■ Exercise prompt:
Give again exactly the lines that run from the start of the records to the line holding "Item preview, The", both ends counted. Do not include the pictures.

■ Excerpted records:
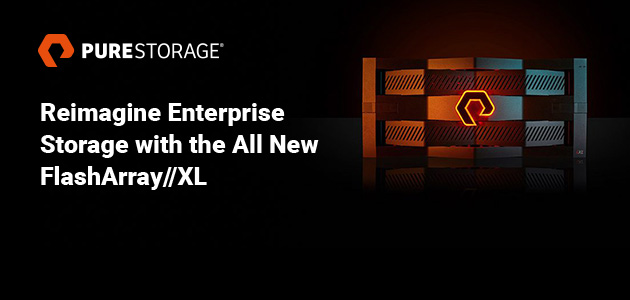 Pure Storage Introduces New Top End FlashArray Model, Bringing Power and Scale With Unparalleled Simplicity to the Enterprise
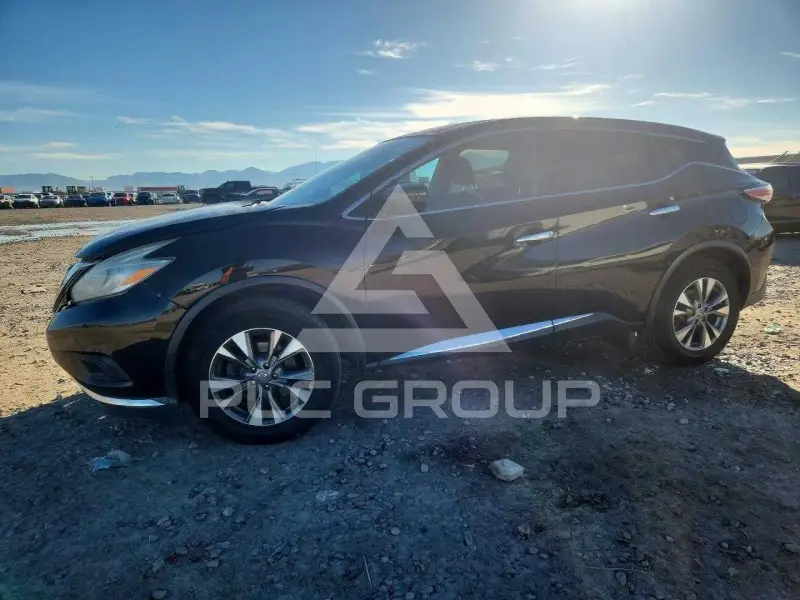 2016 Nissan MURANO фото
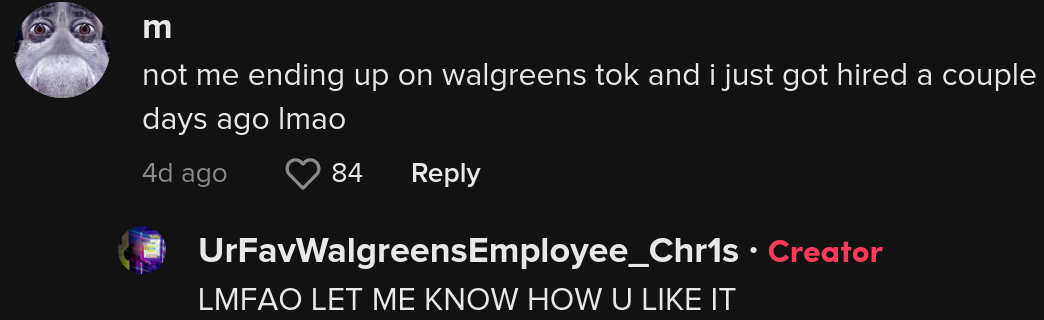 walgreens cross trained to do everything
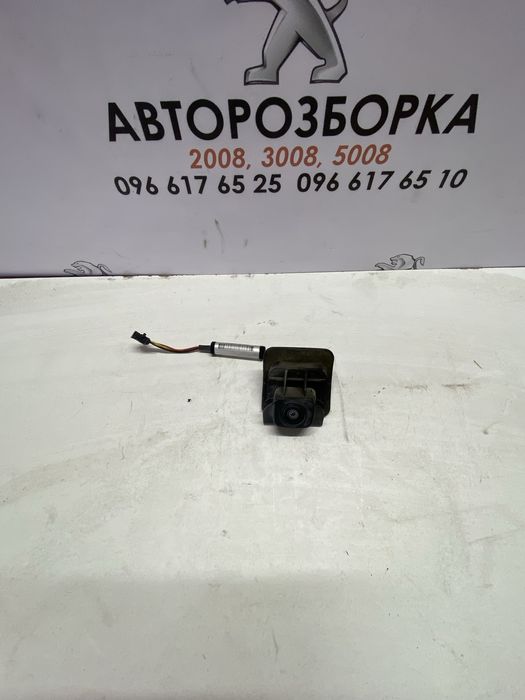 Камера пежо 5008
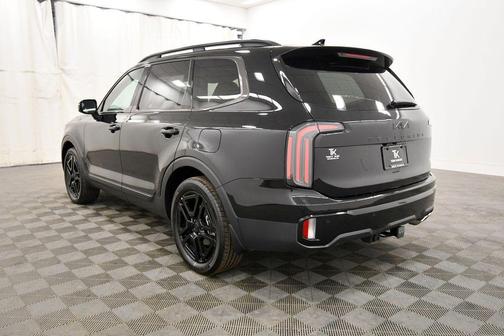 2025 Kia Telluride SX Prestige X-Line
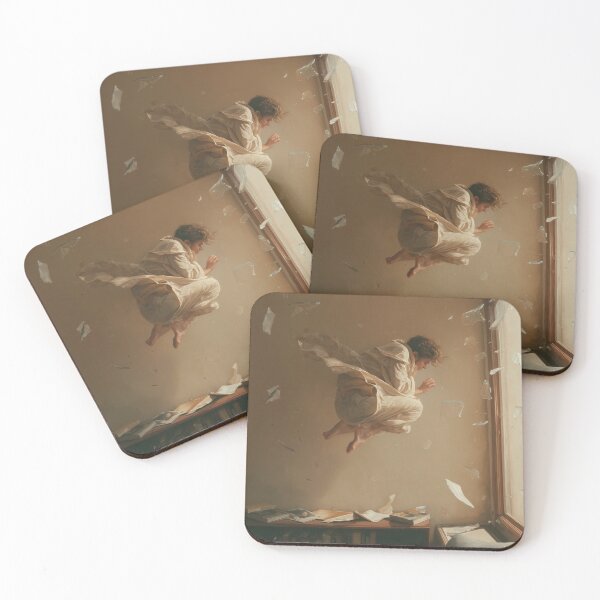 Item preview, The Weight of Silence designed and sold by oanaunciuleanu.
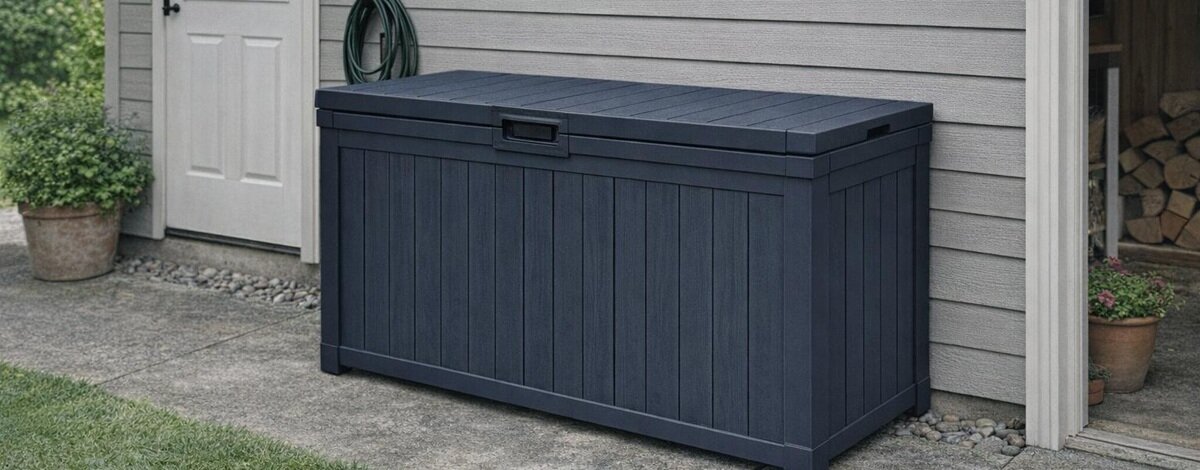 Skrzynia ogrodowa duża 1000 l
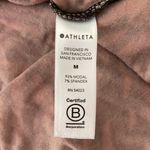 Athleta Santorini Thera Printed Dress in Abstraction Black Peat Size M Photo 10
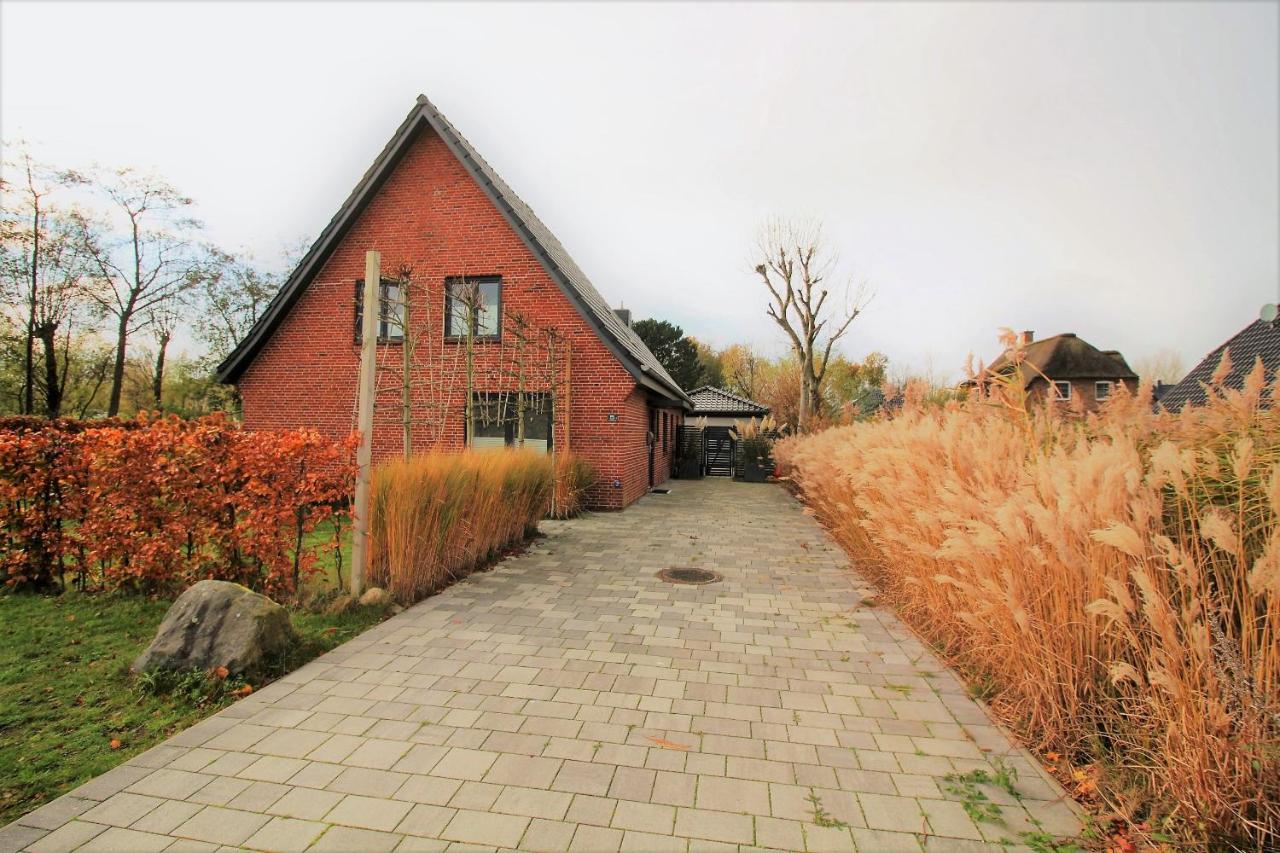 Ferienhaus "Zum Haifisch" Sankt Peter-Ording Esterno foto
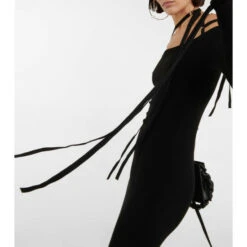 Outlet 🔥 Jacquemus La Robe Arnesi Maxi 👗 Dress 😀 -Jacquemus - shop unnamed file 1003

■ Final answer:
 Pure Storage Introduces New Top End FlashArray Model, Bringing Power and Scale With Unparalleled Simplicity to the Enterprise
 2016 Nissan MURANO фото
 walgreens cross trained to do everything
 Камера пежо 5008
 2025 Kia Telluride SX Prestige X-Line
 Item preview, The Weight of Silence designed and sold by oanaunciuleanu.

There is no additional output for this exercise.